In order to calculate the risk and reward between the two companies, we must first set up basic functions to calculate log return, variance, standard deviation, and the correlation coefficient (we will go over why these are important later.)

But first, let's import the necessary math functions as well as a function for displaying a decimal as a percentage

In [2]:
from math import log, sqrt

def display_as_percentage(val):
    return '{:.1f}%'.format(val*100)

### Logarithmic Rate of Return

The first helper function that we need to write is the **logarithmic rate of return** also known as the **continuously compounded return** given by the formula below.


$$
r = log(E) - log(S) = log(\frac{E}{S})
$$

where 

- `r`: logarithmic rate of return
- `S`: starting price of investment
- `E`: ending price of investment

This formula calculates the expected return for an investment where the earnings are assumed to be continually reinvested over a certain time period.

In [3]:
def calculate_log_return(start_price, end_price):
    return log(end_price / start_price)

### Variance

To assess the risk involved in an investment, one of the key statistics to understand risk is **variance** which measures the spread of a dataset or how far apart each value is from the mean. The greater the variance, the more spread out or variable the data is represented by the formula below.

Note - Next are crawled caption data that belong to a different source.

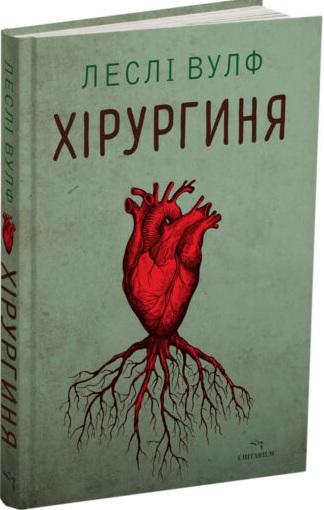 Хірургиня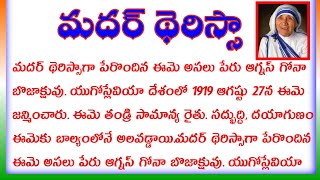 Mother Teresa biography in Telugu  Mother Teresa essay in Telugu  Mother Teresa speech in Telugu [upl. by Amarillis]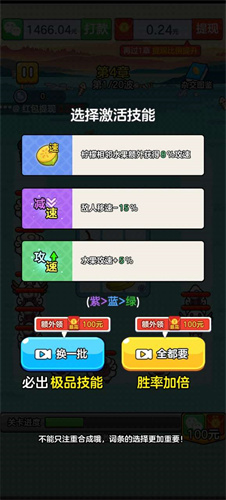 水果王国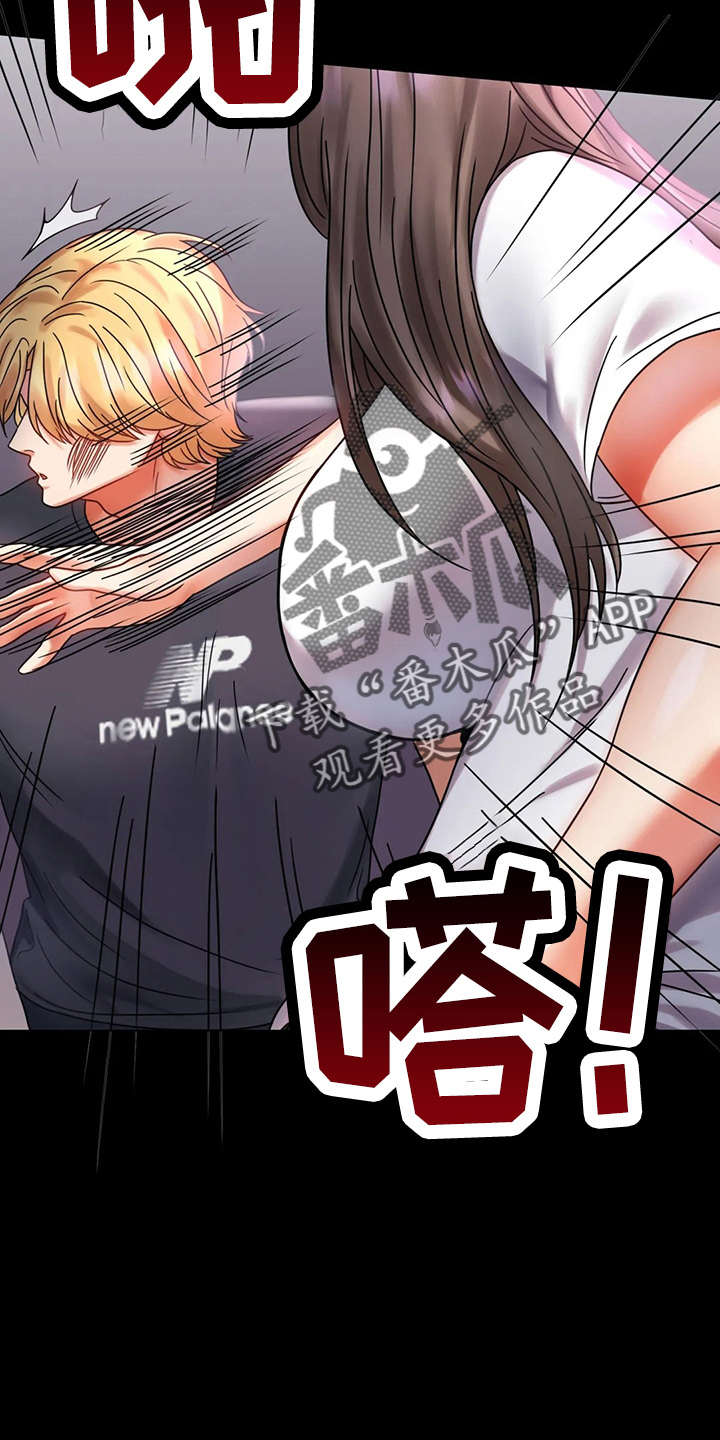 《婚姻变化》第59章结束了 第29页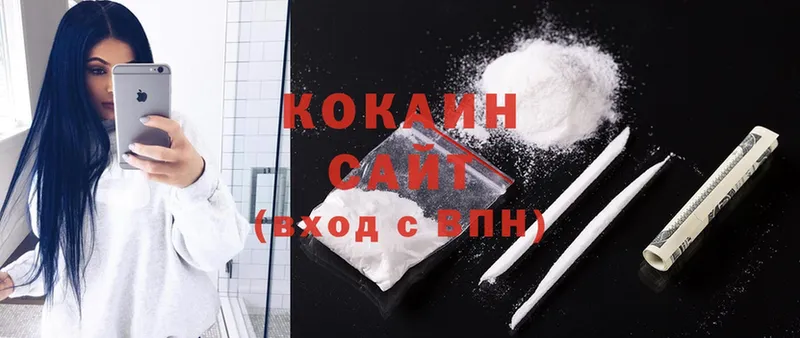 Cocaine 99%  Будённовск 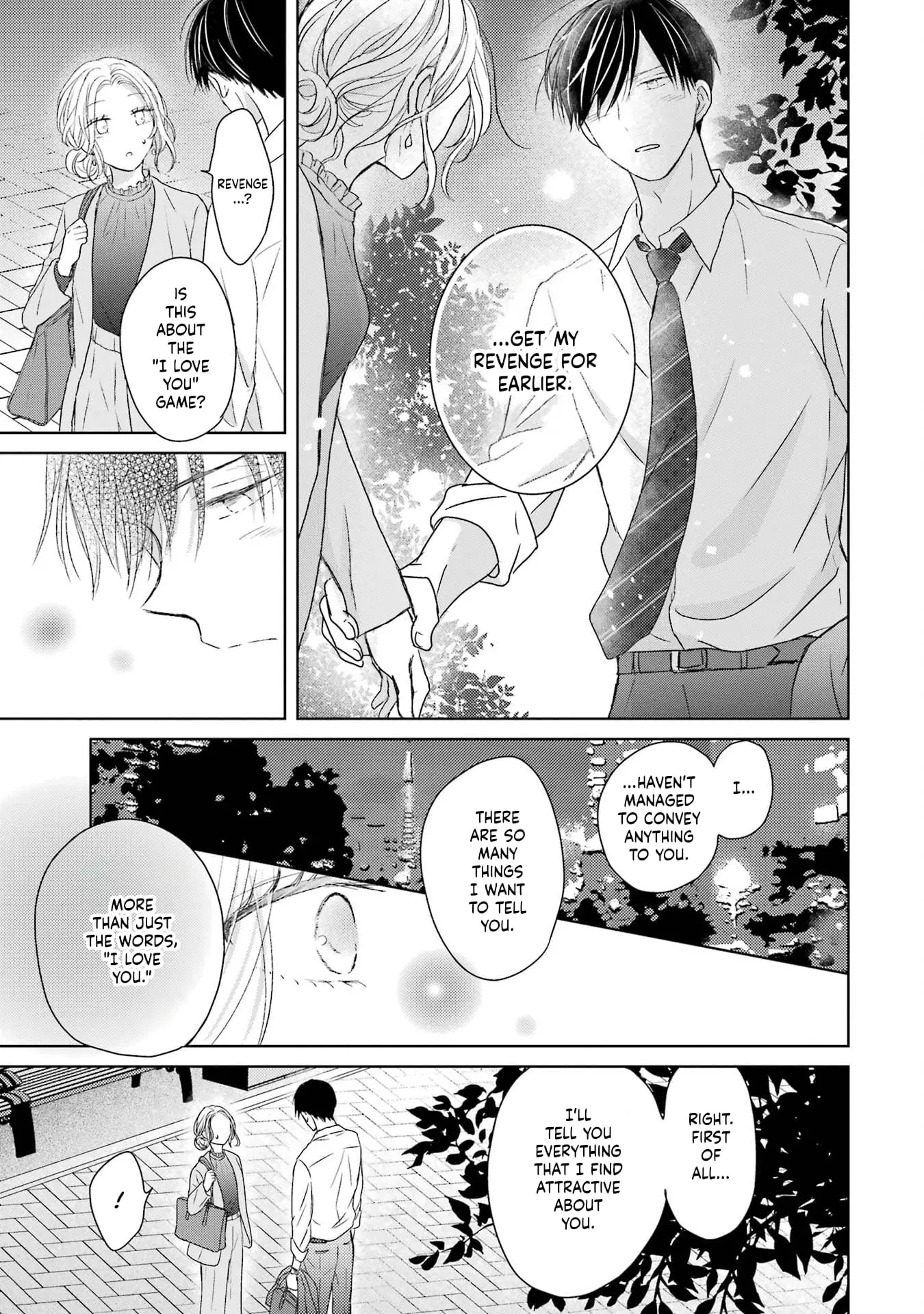Watashi ni dake Tenparu Joushi no Hanashi - Chapter 2 - Page 23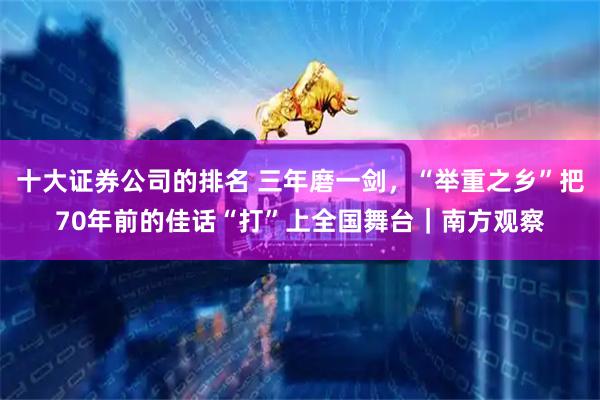 十大证券公司的排名 三年磨一剑，“举重之乡”把70年前的佳话“打”上全国舞台｜南方观察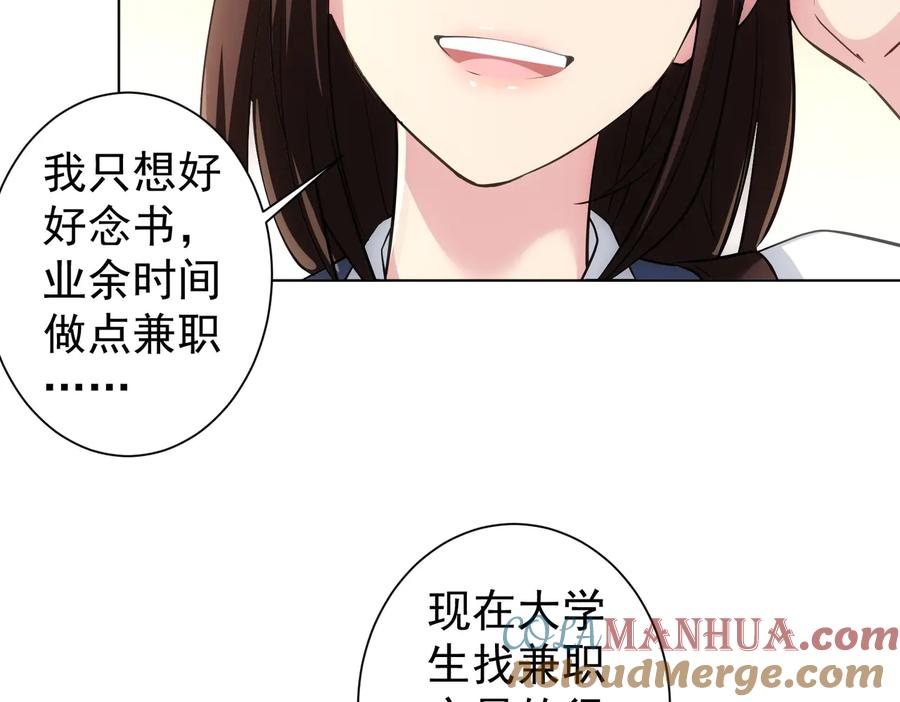 我能看到成功率 第103话 女装钓鱼 第81页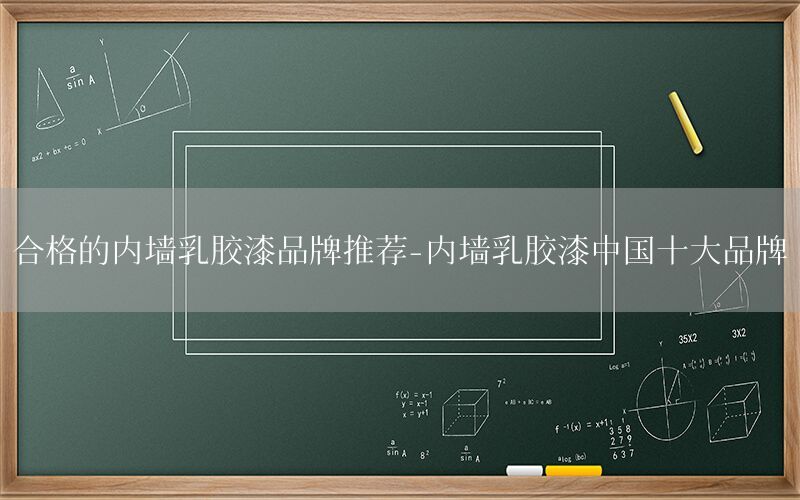 合格的內(nèi)墻乳膠漆品牌推薦-內(nèi)墻乳膠漆中國(guó)十大品牌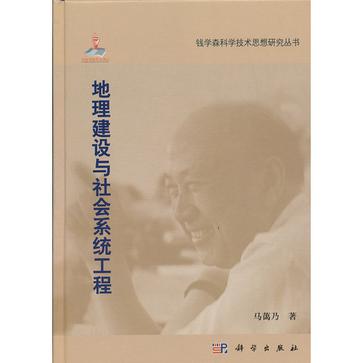 地理建设与社会系统工程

$$\sigma^{2} = \frac{\Sigma(X_{i} - \bar{X})^{2}}{n}$$

- `σ2`: variance
- `Xi`: the ith value in the dataset
- `X̄`: the mean of the dataset
- `n`: the number of values in the dataset


In the context of investing, an asset with a high variance is generally a riskier one because its return can vary significantly in a short period of time, making it less stable and more unpredictable.

In [4]:
def calculate_variance(dataset):
    mean = sum(dataset)/len(dataset)
    numerator = 0
    for data in dataset:
        numerator += (data-mean) ** 2
    return numerator / len(dataset)

### Standard Deviation


Although the variance is useful in determining the relative risk of an investment, it is sometimes not the easiest statistic to interpret since it does not have the same unit as the original data. Alternatively, we can use the standard deviation to describe the spread of the dataset.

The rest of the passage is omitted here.